§ Work instruction
Return the data below unchanged. Drop any pictures.

§ Raw data
= Beginning of Section =
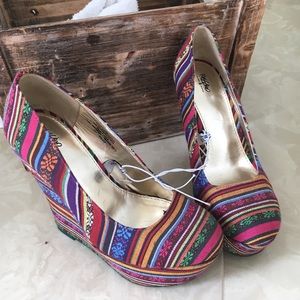 Colorful wedge shoes.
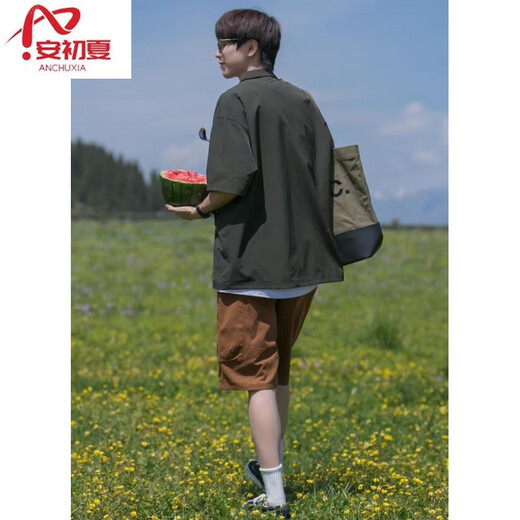 安初夏半拉链polo领短袖t恤男士休闲套装夏季男装三件套日系穿搭配衣服 棕色外衣+棉短T+卡其长K XL 【推荐120-140斤】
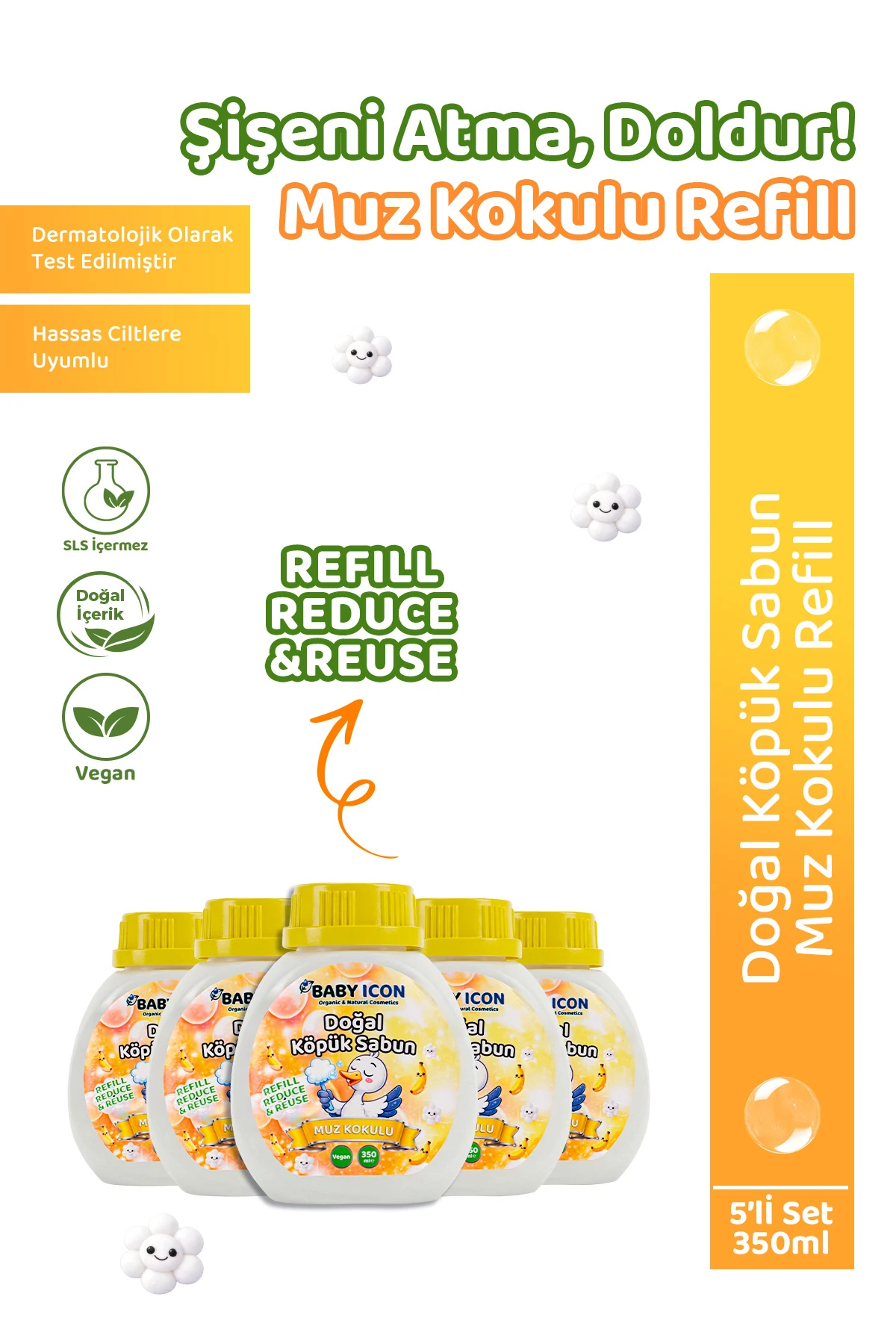 5li Yedek Dolum - Baby Icon Doğal Çocuk Köpük Sabun 350 ml Muz Kokulu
= End of Section =
§ Expected answer
 Colorful wedge shoes.
 安初夏半拉链polo领短袖t恤男士休闲套装夏季男装三件套日系穿搭配衣服 棕色外衣+棉短T+卡其长K XL 【推荐120-140斤】
 5li Yedek Dolum - Baby Icon Doğal Çocuk Köpük Sabun 350 ml Muz Kokulu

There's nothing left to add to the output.